**Information**

^^^^^^^^

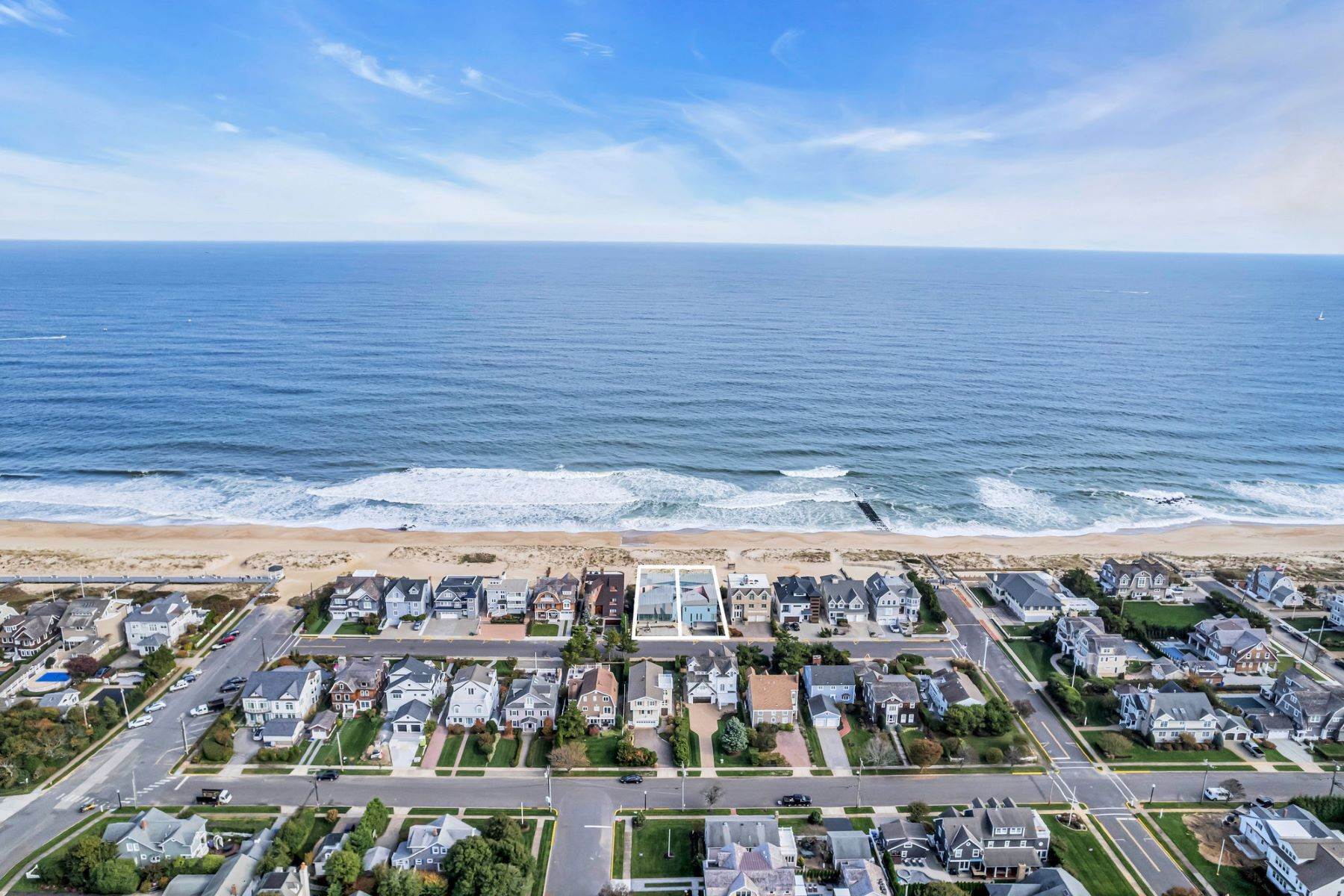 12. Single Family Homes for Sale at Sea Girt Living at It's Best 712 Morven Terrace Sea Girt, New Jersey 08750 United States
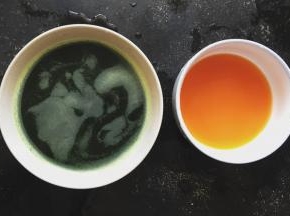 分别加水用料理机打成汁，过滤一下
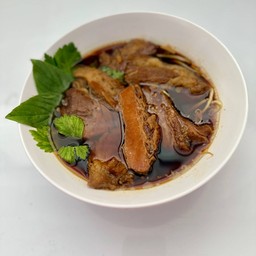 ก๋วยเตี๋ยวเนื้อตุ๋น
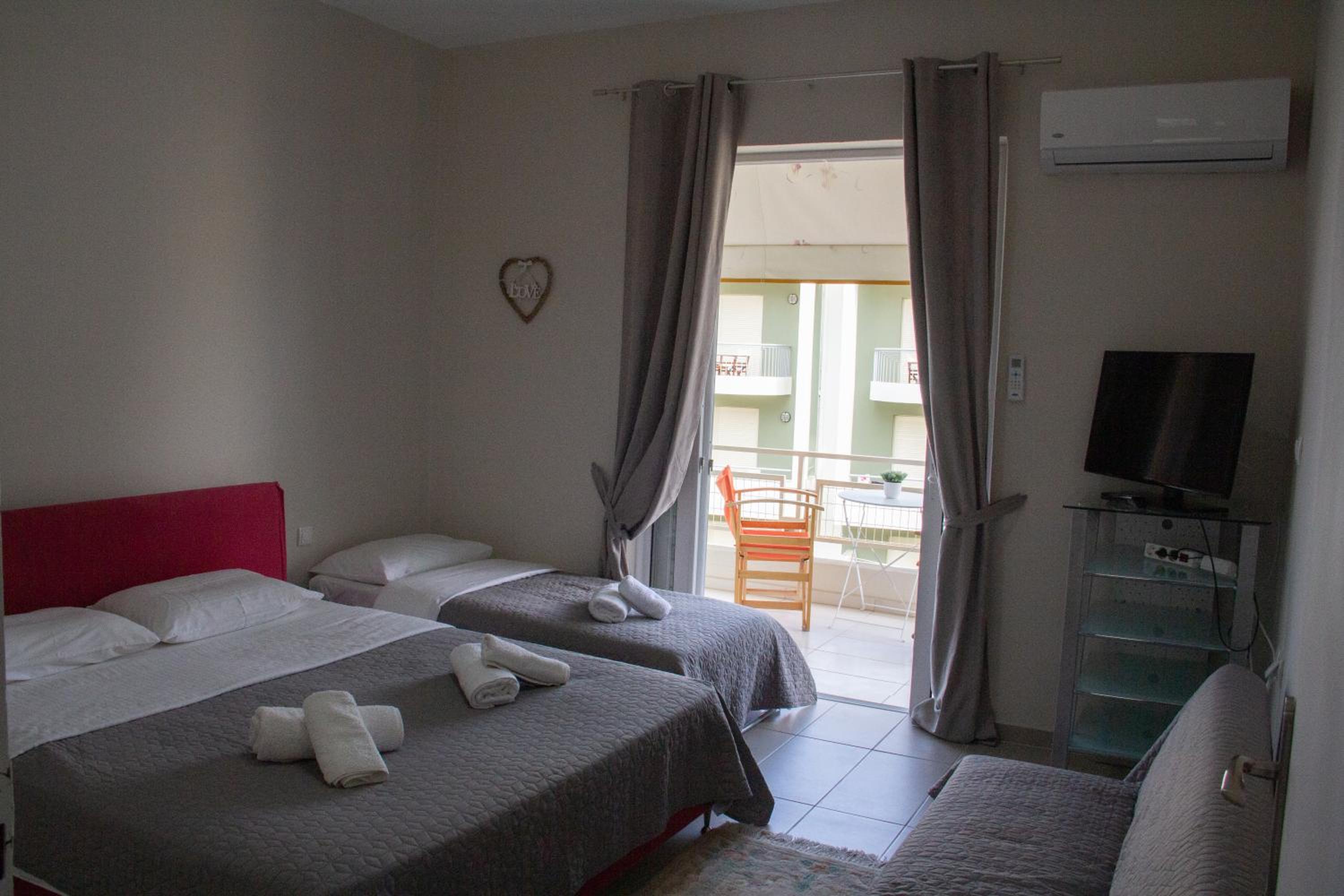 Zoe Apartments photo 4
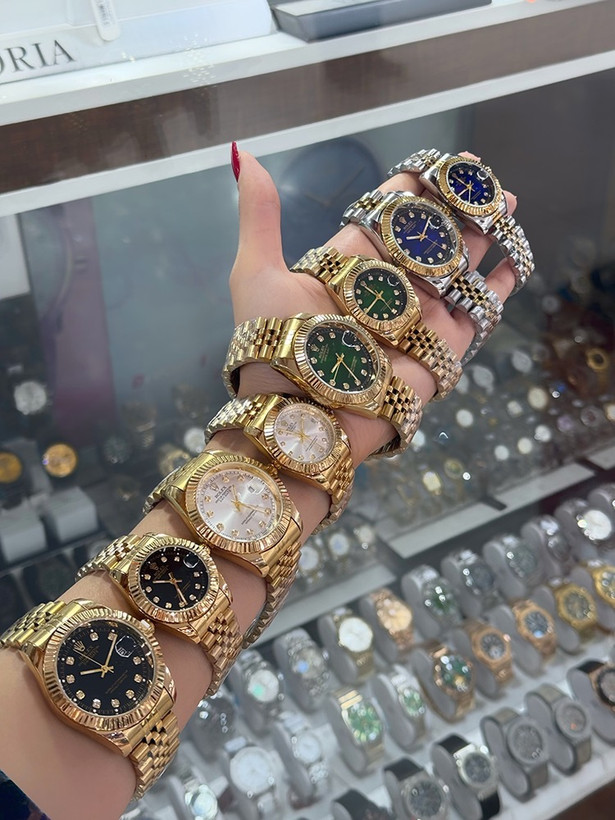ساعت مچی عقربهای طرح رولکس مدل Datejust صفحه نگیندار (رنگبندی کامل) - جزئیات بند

^^^^^^^^

**What you should do**
Whatever the records hold apart from pictures should be repeated exactly.

**Reply to the exercise**
 12. Single Family Homes for Sale at Sea Girt Living at It's Best 712 Morven Terrace Sea Girt, New Jersey 08750 United States
 分别加水用料理机打成汁，过滤一下
 ก๋วยเตี๋ยวเนื้อตุ๋น
 Zoe Apartments photo 4
ساعت مچی عقربهای طرح رولکس مدل Datejust صفحه نگیندار (رنگبندی کامل) - جزئیات بند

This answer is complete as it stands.